■ **Work item**
Among the entries, which lines carry the string "Shirt"? Copy every one.

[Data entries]
========================

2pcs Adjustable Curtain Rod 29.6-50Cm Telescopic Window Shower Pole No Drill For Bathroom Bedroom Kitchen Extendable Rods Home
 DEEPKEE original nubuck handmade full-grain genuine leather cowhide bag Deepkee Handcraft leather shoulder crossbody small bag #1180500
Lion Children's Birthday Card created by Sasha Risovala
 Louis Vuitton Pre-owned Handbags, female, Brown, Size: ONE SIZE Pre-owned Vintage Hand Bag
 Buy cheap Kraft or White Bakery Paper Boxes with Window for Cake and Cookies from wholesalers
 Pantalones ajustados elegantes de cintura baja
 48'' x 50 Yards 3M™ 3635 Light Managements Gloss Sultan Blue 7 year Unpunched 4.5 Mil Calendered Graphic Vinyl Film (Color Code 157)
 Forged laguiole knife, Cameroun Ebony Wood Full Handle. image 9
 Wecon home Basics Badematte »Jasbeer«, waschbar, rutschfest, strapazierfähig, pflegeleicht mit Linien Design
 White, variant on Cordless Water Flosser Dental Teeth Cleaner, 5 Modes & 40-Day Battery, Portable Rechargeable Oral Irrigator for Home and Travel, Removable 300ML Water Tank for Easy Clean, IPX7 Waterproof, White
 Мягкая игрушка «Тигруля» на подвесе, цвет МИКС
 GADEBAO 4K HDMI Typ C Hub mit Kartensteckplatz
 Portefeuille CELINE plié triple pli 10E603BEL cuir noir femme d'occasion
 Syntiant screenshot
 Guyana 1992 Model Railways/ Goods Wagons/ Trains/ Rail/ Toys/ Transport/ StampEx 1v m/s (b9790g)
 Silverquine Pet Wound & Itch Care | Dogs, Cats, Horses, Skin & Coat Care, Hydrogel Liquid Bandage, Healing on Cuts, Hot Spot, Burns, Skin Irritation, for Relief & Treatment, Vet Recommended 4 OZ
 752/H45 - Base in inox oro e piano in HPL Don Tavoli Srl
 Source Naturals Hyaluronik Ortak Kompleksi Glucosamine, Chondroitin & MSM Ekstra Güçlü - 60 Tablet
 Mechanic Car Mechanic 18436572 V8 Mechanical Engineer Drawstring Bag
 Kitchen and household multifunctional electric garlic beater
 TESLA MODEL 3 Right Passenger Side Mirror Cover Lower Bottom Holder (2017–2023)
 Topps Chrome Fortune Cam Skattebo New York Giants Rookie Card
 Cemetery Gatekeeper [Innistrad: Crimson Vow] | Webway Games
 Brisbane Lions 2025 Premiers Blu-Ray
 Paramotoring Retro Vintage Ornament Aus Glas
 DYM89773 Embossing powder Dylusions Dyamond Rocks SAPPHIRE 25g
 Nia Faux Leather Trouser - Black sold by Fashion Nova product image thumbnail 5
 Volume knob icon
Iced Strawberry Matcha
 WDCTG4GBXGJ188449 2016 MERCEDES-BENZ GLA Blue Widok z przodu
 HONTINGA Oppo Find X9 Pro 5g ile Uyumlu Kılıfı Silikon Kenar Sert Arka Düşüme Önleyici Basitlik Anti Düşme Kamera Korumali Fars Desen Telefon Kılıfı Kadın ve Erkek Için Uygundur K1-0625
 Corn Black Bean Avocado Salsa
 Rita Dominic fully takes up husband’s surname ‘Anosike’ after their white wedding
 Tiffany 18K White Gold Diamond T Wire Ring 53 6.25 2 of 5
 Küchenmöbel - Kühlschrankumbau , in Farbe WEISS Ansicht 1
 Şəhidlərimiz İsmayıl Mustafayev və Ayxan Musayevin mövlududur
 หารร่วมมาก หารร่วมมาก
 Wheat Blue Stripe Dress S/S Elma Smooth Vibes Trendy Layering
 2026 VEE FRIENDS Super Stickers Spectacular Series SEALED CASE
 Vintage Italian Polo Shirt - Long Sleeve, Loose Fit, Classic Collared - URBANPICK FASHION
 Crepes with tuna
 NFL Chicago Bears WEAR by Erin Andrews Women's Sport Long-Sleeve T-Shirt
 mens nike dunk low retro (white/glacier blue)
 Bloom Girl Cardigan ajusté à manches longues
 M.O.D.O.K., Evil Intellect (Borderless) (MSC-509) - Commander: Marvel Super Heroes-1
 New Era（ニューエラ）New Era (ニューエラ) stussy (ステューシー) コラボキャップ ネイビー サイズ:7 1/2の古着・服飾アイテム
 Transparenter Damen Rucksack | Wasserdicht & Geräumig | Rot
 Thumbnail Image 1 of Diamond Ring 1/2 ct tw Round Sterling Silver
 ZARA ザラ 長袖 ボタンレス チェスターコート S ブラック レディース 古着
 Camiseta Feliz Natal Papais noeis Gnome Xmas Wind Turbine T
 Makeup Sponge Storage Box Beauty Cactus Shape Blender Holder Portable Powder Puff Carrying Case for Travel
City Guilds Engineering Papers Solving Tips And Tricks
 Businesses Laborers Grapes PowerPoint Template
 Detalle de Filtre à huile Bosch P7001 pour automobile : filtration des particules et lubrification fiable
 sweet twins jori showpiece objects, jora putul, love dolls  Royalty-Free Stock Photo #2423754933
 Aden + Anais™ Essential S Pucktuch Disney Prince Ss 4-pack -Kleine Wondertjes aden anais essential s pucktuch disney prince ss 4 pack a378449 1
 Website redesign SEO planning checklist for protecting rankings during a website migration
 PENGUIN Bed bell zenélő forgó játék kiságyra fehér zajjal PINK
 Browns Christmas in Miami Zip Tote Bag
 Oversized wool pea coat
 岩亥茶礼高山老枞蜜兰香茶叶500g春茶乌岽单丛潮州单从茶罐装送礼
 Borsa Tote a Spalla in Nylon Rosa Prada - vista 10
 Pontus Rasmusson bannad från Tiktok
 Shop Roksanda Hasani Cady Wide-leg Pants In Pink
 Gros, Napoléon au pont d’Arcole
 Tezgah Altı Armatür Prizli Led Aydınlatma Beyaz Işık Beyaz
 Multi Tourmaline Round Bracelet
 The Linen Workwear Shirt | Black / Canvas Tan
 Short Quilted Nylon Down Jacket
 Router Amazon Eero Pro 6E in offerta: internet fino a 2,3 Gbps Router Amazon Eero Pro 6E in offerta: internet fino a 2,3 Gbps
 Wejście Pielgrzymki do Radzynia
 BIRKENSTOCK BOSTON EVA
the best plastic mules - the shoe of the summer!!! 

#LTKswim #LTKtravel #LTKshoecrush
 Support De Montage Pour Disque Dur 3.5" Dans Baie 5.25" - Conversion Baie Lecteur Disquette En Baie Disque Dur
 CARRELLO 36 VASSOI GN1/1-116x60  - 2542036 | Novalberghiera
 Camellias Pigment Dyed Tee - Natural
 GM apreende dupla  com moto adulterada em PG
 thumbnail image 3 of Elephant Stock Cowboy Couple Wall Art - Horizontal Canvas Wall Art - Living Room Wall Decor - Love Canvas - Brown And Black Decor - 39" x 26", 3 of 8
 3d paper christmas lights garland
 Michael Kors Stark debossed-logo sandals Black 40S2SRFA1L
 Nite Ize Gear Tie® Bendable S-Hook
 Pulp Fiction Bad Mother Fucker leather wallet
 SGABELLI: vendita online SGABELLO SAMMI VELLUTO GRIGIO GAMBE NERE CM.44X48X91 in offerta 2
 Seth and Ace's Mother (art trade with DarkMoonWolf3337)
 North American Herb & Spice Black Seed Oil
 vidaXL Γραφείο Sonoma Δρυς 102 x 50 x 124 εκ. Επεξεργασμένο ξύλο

========================

■ **Expected answer**
 Vintage Italian Polo Shirt - Long Sleeve, Loose Fit, Classic Collared - URBANPICK FASHION
 NFL Chicago Bears WEAR by Erin Andrews Women's Sport Long-Sleeve T-Shirt
 The Linen Workwear Shirt | Black / Canvas Tan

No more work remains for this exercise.